Un enfer en vers libres
Publié dans le magazine Books n° 94, février 2019. Par Eve Charrin.
Dans un brûlot poétique et politique, Altaf Tyrewala dénonce la brutalité et l’obscénité de sa ville natale, la monstrueuse Bombay/Mumbai.
Altaf Tyrewala aime se présenter comme un habitant de Mumbai et de Bombay, deux villes en une. Il y est né il y a un peu plus de quarante ans, avant que la métropole cosmopolite ne soit rebaptisée en 1995 par les nationalistes du Shiv Sena d’après la déesse hindoue locale, Mumbadevi. Et ne manifeste nulle complaisance : Le Ministère des Sentiments blessés apparaît comme « un livre extrêmement déplaisant » pour les « amoureux de Mumbai », note la critique du quotidien The Hindu, elle-même mumbaikar. L’auteur montre la cité de Bollywood « pour ce qu’elle est, dépouillée de son glamour électrisant ». Cette chronique en vers libres, admet The Hindu, dévoile « avec une exactitude brutale et impitoyable » l’obscénité d’une ville de 18 millions d’habitants où s’entassent miséreux et milliardaires. Exemple ? « Il n’est décidément rien d’elle-même que cette vile impudique refusera de montrer/ Y montrer sa chatte, ouverte comme une bouche/ dans un cabinet de dentiste. » Tyrewala restitue les « embouteillages d’ici jusqu’à Jupiter », « l’eau prétendument potable qui rendrait malade un mort », « les tee-shirts “I Love NY” impropres à l’exportation ». Comme dans son précédent opus, Aucun dieu en vue (Actes Sud, 2007), il dépeint une « ville dystopique », note le quotidien indien Mid-Day, sous forme de « poème magistral » selon l’hebdomadaire The Sunday Guardian.
Par prudence peut-être, la critique indienne a éludé l’aspect politique du texte.
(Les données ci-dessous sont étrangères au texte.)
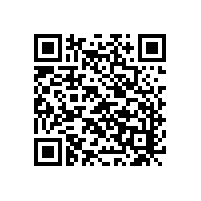 手推式掃地機好用嗎？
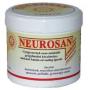 NEUROSAN ENTERO POR 250G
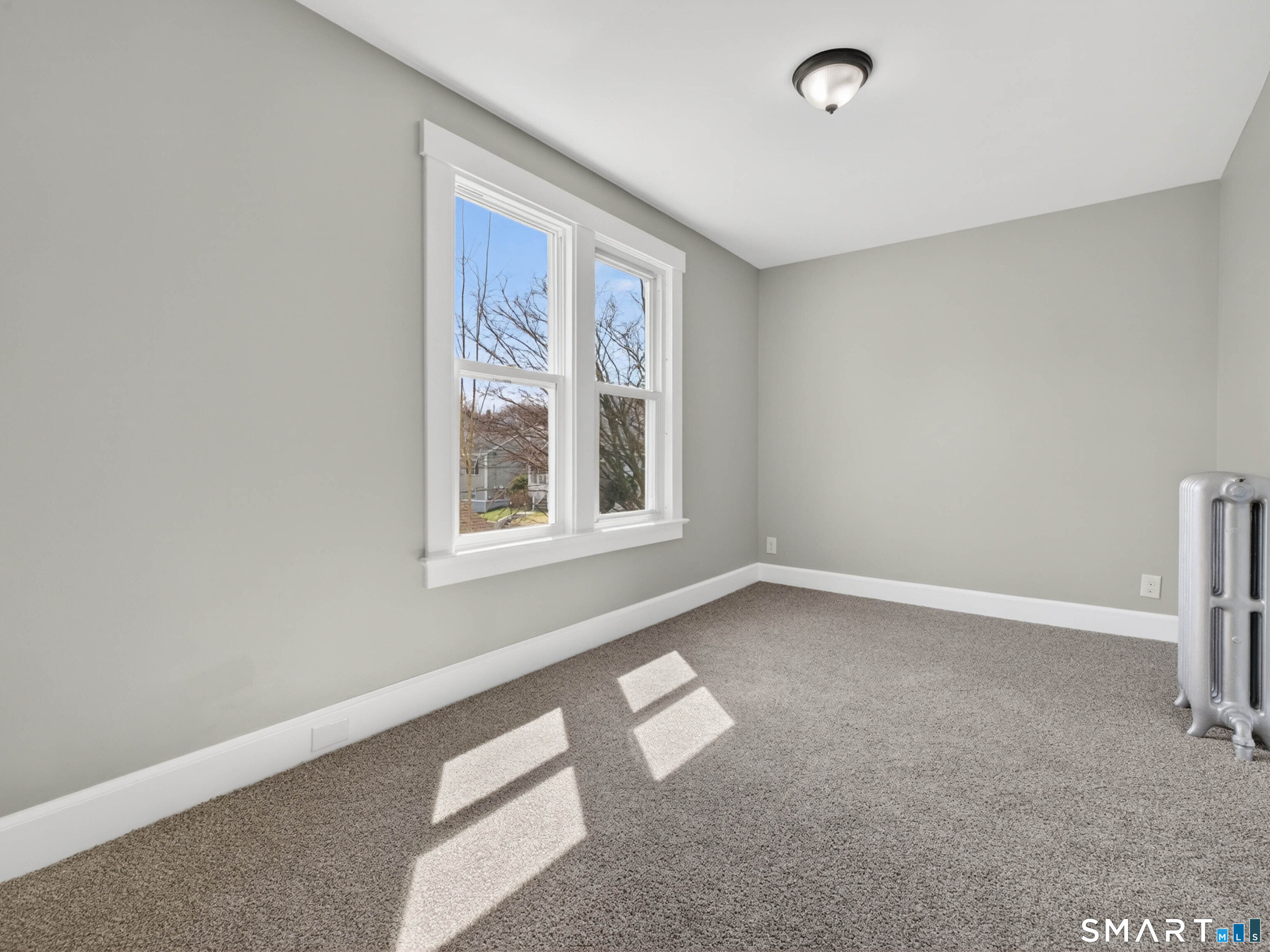 171 Norwood Avenue New London CT 06320
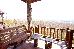 Thumbnail 28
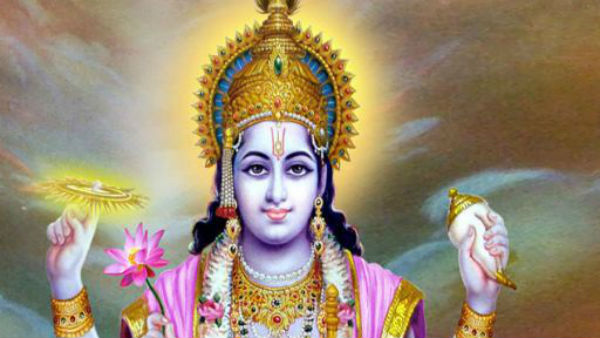 પોષ પુત્રદા એકાદશી ક્યારથી ક્યાં સુધી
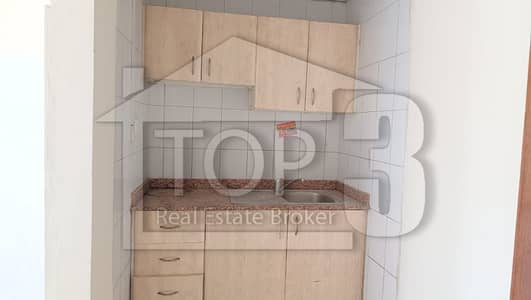 Shop for Rent in International City, Dubai - WhatsApp Image 2024-12-09 at 12.24. 15 PM (3). jpeg
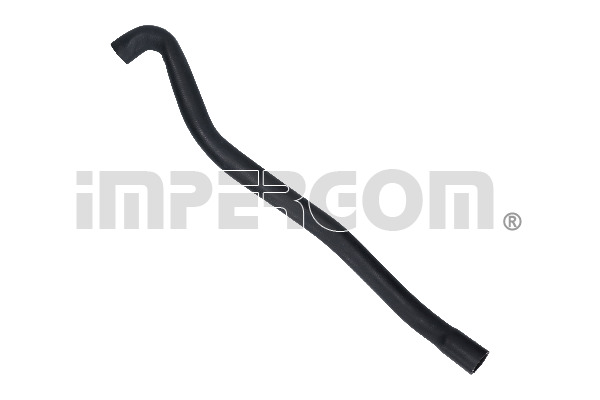 MANICOTTO INFERIORE USCITA ACQUA RA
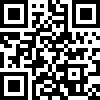 https://mehrnews.com/x38tc9
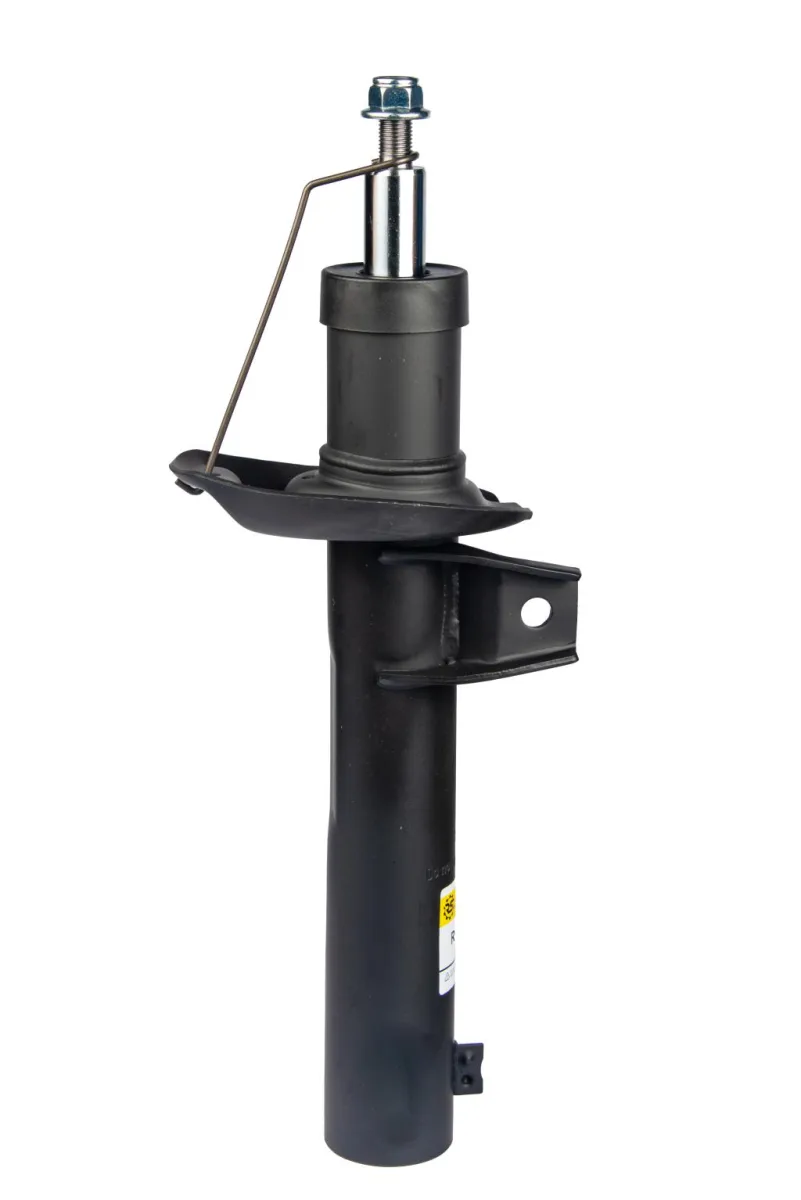Амортизатор BILSTEIN - B4 Serienersatz Raiso RS317572 — фото 3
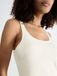 sloggi Tanktop EVER Ease
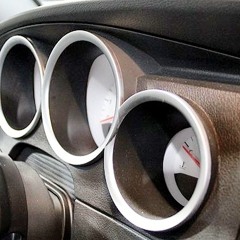 PKDJ - Post EDC13 Mix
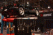 SEMA Show 2010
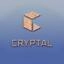 Cryptal exchange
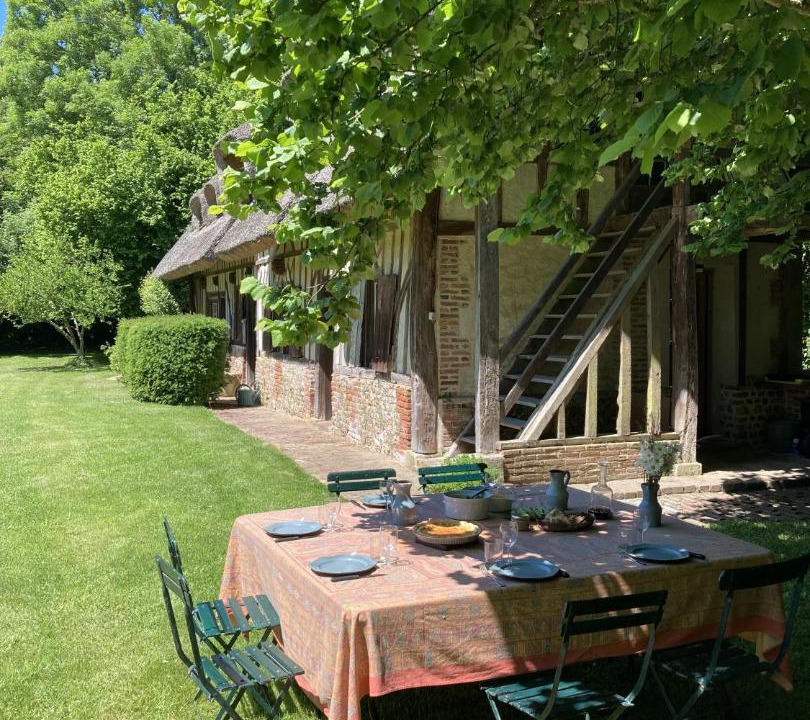 Photo of Others in Paroisse Notre-Dame-des-Vallons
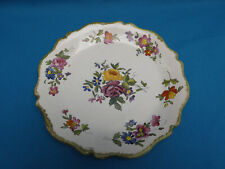 MARSEILLE VEUVE PERRIN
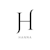 Hanna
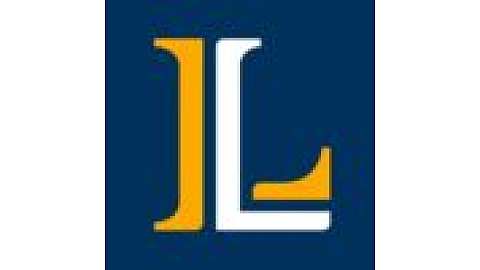 Lycoming College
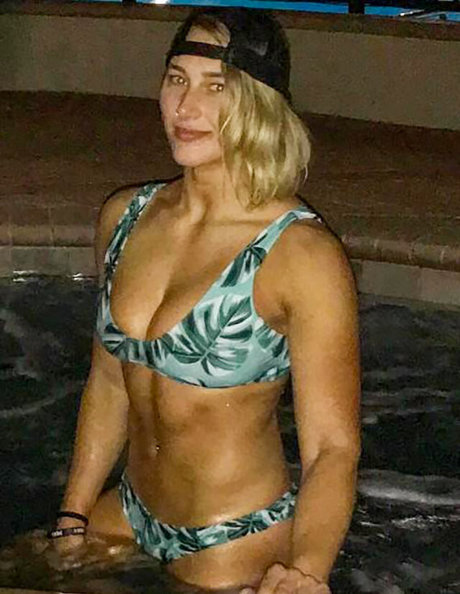 Rhea Ripley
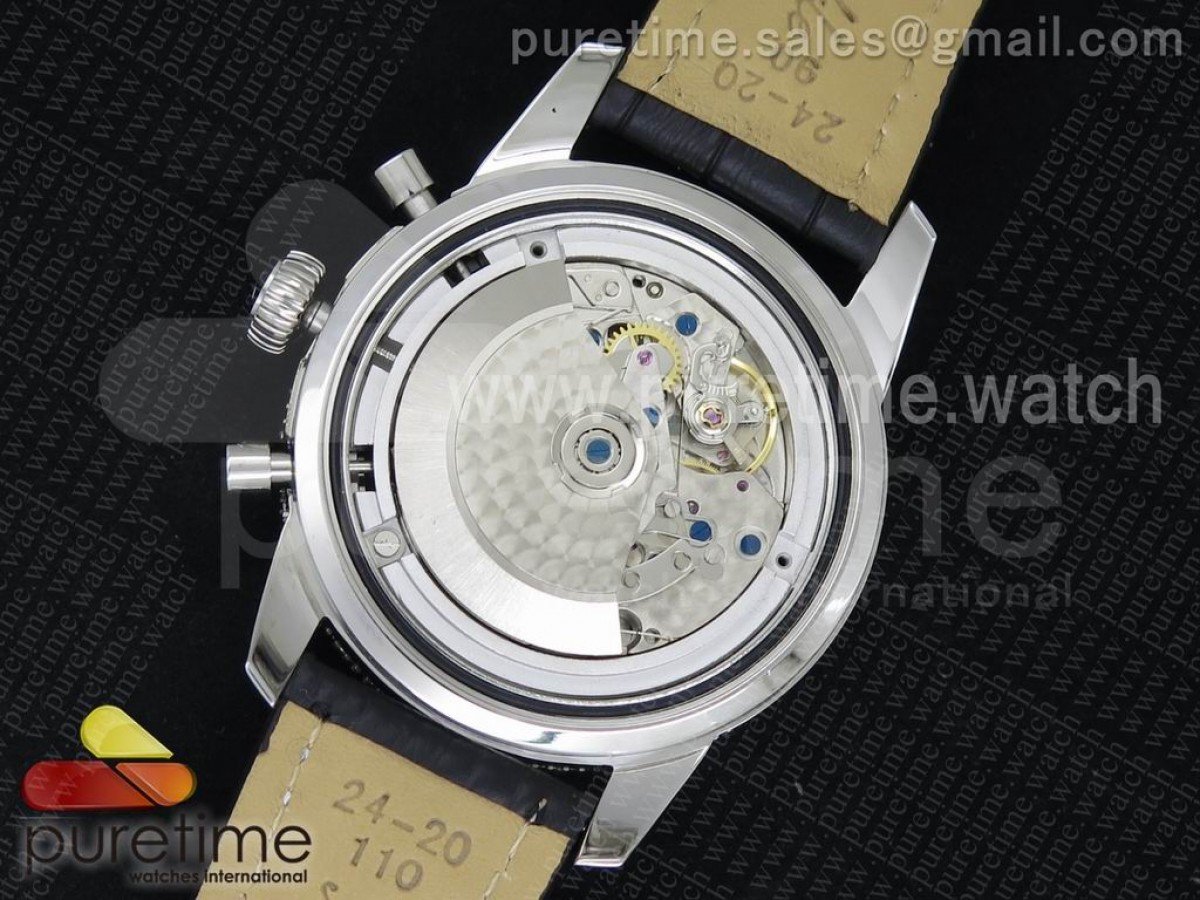 SuperOcean Heritage - immagine 14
C’est pourtant un brûlot qui dénonce en une logorrhée hallucinée les violences orchestrées par les hindouistes fanatisés : « Nous avons des musulmans à brûler/ Leurs maisons à piller, leurs hommes à estropier. » Comme le précise le glossaire final en référence au titre de l’ouvrage, « le fait de blesser les sentiments religieux est, avec la sédition et la diffamation, l’une des trois limites apportées à la liberté d’expression en Inde, État séculariste prônant l’égalité entre toutes les religions ». À présent, cette disposition constitutionnelle est largement instrumentalisée par les extrémistes hindous parvenus au pouvoir central en 2014, deux ans après la publication du livre en Inde.
Par une coïncidence significative, le titre ressemble à celui du dernier roman d’Arundhati Roy (publié ensuite), Le Ministère du Bonheur suprême (Gallimard, 2018). « Lorsque j’ai vu le titre de Roy, nous précise Altaf Tyrewala, j’ai pensé que c’était là une façon très fine de saisir l’hypocrisie absurde de nos démocraties modernes. Un gouvernement qui créerait un ministère des Sentiments blessés se doterait certainement aussi d’un ministère du Bonheur suprême, car une population réduite au silence (par crainte de blesser des sentiments) et au sourire forcé (par peur de paraître malheureuse) est beaucoup plus docile ».